• **DIRECTIONS**:
Below are lines of data; restate word for word those running from the line containing "Another thing you" to the line containing "Welcome to the", inclusive, and no others.

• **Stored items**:
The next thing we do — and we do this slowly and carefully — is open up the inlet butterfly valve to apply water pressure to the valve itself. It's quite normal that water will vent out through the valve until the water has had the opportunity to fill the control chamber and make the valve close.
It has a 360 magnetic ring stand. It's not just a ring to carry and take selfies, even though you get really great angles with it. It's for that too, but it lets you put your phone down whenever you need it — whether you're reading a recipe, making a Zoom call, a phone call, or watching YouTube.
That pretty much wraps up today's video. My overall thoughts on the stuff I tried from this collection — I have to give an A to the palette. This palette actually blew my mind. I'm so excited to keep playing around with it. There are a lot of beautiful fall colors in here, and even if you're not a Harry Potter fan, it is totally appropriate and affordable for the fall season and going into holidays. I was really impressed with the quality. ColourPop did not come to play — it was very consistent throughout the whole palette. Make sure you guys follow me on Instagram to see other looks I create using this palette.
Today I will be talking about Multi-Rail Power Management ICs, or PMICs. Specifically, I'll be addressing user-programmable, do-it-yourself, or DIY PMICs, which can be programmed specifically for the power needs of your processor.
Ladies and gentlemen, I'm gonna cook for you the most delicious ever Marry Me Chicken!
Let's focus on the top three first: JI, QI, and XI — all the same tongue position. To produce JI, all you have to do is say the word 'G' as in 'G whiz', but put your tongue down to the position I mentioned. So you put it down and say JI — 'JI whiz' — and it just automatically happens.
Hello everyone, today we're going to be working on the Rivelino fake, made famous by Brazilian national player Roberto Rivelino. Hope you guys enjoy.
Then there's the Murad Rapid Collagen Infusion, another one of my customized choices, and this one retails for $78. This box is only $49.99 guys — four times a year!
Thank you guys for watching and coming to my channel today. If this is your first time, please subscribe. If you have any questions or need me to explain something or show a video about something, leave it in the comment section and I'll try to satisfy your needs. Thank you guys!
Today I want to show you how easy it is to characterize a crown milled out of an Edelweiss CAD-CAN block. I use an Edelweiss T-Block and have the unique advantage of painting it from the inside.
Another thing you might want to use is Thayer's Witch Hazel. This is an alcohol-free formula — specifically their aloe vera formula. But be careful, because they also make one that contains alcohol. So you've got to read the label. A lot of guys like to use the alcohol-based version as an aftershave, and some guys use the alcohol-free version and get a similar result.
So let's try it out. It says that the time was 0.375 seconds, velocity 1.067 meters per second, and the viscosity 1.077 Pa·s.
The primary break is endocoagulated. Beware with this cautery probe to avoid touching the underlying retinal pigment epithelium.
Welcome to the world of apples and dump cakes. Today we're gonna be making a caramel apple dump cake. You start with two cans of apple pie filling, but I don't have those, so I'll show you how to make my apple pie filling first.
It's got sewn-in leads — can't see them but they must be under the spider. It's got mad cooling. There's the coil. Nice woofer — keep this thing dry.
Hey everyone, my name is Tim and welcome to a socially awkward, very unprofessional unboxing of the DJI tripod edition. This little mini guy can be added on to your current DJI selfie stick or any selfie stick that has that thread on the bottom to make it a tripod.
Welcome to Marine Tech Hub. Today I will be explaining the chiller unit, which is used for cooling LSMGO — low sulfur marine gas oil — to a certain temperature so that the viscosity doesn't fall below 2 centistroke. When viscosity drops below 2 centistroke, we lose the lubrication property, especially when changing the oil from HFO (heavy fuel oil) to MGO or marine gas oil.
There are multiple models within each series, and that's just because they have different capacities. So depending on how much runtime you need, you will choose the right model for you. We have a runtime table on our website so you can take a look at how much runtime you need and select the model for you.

• **RESPONSE**:
Another thing you might want to use is Thayer's Witch Hazel. This is an alcohol-free formula — specifically their aloe vera formula. But be careful, because they also make one that contains alcohol. So you've got to read the label. A lot of guys like to use the alcohol-based version as an aftershave, and some guys use the alcohol-free version and get a similar result.
So let's try it out. It says that the time was 0.375 seconds, velocity 1.067 meters per second, and the viscosity 1.077 Pa·s.
The primary break is endocoagulated. Beware with this cautery probe to avoid touching the underlying retinal pigment epithelium.
Welcome to the world of apples and dump cakes. Today we're gonna be making a caramel apple dump cake. You start with two cans of apple pie filling, but I don't have those, so I'll show you how to make my apple pie filling first.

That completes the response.